[Python-ideas] Continuation of `__name__` or a builtin function for general name getting

Chris Angelico rosuav at gmail.com
Sun Jun 18 19:00:21 EDT 2017


On Mon, Jun 19, 2017 at 8:47 AM, Alireza Rafiei
<alireza.rafiei94 at gmail.com> wrote:
>>  Hmm. So... after x = f,  f.__name__ would be different from x.__name__?
>
>
> Yes.

There's a couple of major problems with that. The first is that, in
Python, there is *absolutely no difference* between accessing an
object via one form and via another. For example:

>>> x = object() # or anything else
>>> y = [x, x, x]
>>> z = x
>>> q = {"spam": x}
>>> probably = globals()["x"]

You can access y[0], z, q["spam"], and (most likely) probably, and
they're all the same thing. Exactly the same object. So there's no way
to do attribute access on that object and get different results.

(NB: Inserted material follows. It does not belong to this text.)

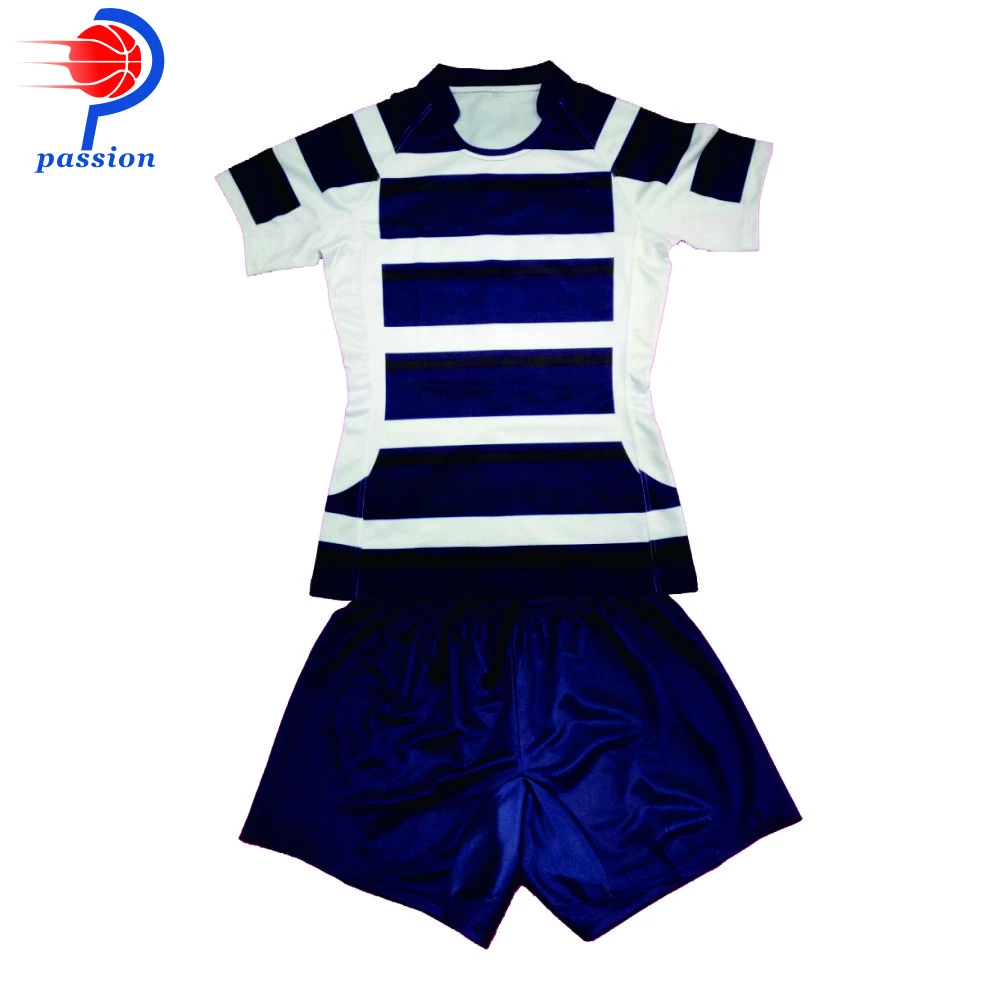 Conjunto de equipo de camiseta y cortos, venta al por mayor|rugby jersey|jerseys wholesalerugby team jerseys - AliExpress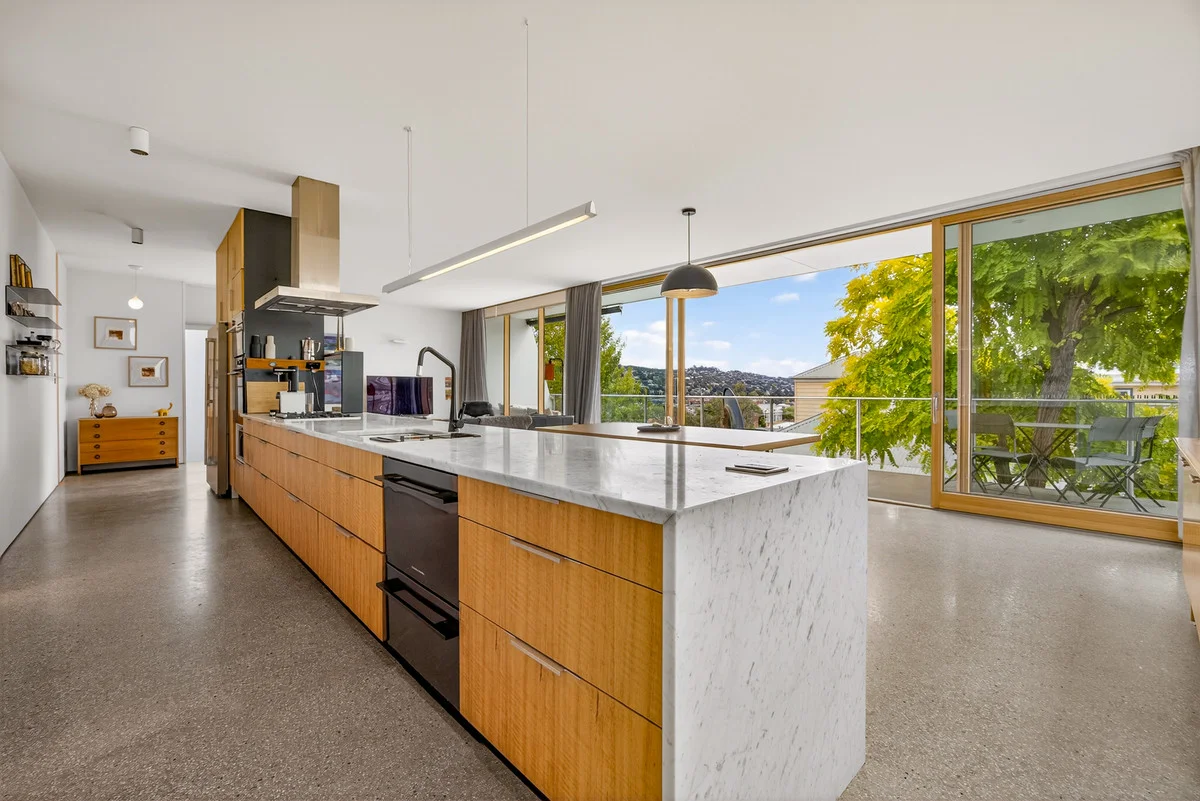 Additional image 4 of 10 James Street, Launceston TAS 7250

The second problem is that the current behaviour is extremely
important. One such place is with function decorators, which
frequently need to know the name of the function being worked on:

def command(func):
    parser.add_parser(func.__name__)
    ...

@command
def spaminate():
    ...

Inside the decorator, "func.__name__" has to be the name of the
function being decorated ("spaminate"), *not* "func". The function has
an identity and a canonical name. Disrupting that would cause major
difficulties for these kinds of decorators.